We can plot both cumulative and probability density functions for the first marginal:

distribution_0_1.plot()

<Figure size 640x320 with 2 Axes>

Note

We can provide a marginal index as first argument of the Distribution.plot() method but in the current version of GEMSEO, all components have the same distributions and so the plot will be the same.

Get mean

We can access the mean of the distribution:

print(distribution_0_1.mean)

[0. 0.]

Get standard deviation

We can access the standard deviation of the distribution:

print(distribution_0_1.standard_deviation)

[1. 1.]

Get numerical range

We can access the range, ie. the difference between the numerical minimum and maximum, of the distribution:

print(distribution_0_1.range)

[array([-7.65062809,  7.65062809]), array([-7.65062809,  7.65062809])]

Get mathematical support

We can access the range, ie. the difference between the minimum and maximum, of the distribution:

print(distribution_0_1.support)

[array([-inf,  inf]), array([-inf,  inf])]

Generate samples

We can generate 10 samples of the distribution:

print(distribution_0_1.compute_samples(10))

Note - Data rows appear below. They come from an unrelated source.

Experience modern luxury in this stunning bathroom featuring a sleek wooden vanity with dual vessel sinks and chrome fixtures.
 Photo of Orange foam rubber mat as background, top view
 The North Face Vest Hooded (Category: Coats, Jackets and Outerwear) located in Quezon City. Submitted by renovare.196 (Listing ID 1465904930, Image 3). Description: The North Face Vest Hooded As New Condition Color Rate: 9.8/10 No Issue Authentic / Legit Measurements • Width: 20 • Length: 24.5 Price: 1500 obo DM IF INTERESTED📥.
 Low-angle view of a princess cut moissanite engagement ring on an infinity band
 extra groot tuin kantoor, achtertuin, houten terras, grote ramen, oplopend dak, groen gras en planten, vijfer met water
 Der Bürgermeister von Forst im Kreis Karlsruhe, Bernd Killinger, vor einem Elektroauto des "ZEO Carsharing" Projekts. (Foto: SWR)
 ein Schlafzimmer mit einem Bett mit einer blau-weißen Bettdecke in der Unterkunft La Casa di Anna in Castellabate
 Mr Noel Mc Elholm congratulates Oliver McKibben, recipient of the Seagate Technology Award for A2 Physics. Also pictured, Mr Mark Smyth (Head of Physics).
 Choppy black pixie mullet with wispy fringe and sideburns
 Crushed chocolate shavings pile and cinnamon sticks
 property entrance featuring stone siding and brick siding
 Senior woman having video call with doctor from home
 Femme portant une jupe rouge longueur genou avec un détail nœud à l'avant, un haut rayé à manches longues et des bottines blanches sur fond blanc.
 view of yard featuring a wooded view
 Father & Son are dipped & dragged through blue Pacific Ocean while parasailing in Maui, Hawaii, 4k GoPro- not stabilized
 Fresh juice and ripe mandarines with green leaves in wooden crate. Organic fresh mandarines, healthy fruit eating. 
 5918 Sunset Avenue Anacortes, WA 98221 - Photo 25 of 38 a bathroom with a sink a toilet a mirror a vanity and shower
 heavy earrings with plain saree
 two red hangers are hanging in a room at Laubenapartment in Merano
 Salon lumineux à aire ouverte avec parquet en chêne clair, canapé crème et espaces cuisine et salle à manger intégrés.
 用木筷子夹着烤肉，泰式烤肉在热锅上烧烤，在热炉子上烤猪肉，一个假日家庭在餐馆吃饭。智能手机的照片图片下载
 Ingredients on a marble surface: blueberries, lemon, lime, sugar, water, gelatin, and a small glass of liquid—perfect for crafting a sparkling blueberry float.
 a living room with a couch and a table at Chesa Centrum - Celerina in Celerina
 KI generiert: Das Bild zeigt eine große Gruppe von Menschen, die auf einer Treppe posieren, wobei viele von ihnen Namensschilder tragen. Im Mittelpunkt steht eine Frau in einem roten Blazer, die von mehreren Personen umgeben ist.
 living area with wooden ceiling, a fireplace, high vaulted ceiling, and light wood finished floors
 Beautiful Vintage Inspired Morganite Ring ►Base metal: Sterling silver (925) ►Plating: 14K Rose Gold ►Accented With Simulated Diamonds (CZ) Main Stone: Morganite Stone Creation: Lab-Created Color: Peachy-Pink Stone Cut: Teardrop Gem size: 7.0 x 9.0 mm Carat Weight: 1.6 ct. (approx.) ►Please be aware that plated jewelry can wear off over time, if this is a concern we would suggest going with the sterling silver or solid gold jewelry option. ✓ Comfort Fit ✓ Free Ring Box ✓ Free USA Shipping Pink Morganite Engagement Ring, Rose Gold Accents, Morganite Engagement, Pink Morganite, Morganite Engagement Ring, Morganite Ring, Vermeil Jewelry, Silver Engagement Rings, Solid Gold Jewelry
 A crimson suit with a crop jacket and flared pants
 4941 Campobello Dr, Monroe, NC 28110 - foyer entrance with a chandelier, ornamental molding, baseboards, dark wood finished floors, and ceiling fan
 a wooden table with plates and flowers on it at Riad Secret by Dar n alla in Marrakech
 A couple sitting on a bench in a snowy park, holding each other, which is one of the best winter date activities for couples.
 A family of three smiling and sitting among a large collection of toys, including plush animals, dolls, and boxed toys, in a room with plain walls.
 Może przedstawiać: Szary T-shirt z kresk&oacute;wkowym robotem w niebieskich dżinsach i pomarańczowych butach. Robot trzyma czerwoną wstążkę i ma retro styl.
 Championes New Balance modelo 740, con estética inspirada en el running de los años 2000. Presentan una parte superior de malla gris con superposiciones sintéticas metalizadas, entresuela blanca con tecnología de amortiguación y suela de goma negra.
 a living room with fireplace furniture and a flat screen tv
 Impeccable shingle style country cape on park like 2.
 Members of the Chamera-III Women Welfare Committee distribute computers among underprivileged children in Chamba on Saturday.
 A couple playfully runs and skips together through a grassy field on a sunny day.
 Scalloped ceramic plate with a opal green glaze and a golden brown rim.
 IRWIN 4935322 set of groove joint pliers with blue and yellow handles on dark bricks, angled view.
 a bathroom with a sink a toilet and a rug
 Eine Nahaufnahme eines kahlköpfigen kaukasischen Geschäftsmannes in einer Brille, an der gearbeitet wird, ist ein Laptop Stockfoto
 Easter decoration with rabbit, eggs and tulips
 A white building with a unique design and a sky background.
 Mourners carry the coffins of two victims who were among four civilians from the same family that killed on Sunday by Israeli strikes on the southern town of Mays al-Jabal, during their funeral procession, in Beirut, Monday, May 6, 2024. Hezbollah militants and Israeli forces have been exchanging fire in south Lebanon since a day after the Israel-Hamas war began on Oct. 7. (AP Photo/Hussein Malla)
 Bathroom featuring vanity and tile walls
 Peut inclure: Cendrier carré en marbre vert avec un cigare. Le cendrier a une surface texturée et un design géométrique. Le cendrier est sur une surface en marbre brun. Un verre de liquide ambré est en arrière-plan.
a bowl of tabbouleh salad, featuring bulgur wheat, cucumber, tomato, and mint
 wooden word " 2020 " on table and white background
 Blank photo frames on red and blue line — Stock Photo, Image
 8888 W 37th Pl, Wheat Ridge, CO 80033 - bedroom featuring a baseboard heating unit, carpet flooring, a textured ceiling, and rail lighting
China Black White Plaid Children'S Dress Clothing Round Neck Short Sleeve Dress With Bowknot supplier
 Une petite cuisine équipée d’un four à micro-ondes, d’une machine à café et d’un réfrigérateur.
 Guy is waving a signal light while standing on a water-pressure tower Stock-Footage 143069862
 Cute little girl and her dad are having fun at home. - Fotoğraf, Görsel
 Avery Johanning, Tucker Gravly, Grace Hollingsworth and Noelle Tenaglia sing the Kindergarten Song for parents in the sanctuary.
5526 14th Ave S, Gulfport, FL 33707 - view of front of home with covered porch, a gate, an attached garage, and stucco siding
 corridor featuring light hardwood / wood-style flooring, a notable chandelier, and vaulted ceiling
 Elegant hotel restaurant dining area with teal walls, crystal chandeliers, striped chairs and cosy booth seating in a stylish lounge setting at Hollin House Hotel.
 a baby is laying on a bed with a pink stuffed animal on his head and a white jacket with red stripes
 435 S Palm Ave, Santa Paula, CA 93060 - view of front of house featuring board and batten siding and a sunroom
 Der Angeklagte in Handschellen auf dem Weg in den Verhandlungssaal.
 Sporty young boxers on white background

[[ 1.43360432 -0.21131498]
 [-0.22736098  0.71315714]
 [-0.38085859  1.09602106]
 [ 0.79766649 -0.20274454]
 [-1.36069266 -0.73384049]
 [-0.9452202  -1.50261139]
 [ 0.86127906  1.07794488]
 [-0.49622029  1.60805988]
 [ 2.10526732  0.25936155]
 [-0.72830578  1.67838523]]

Compute CDF

We can compute the cumulative density function component per component (here the probability that the first component is lower than 0. and that the second one is lower than 1.):

.. GENERATED FROM PYTHON SOURCE LINES 128-130

print(distribution_0_1.compute_cdf([0.0, 1.0]))

[0.5        0.84134475]

Compute inverse CDF

We can compute the inverse cumulative density function component per component (here the quantile at 50% for the first component and the quantile at 97.5% for the second one):

print(distribution_0_1.compute_inverse_cdf([0.5, 0.975]))

[0.         1.95996398]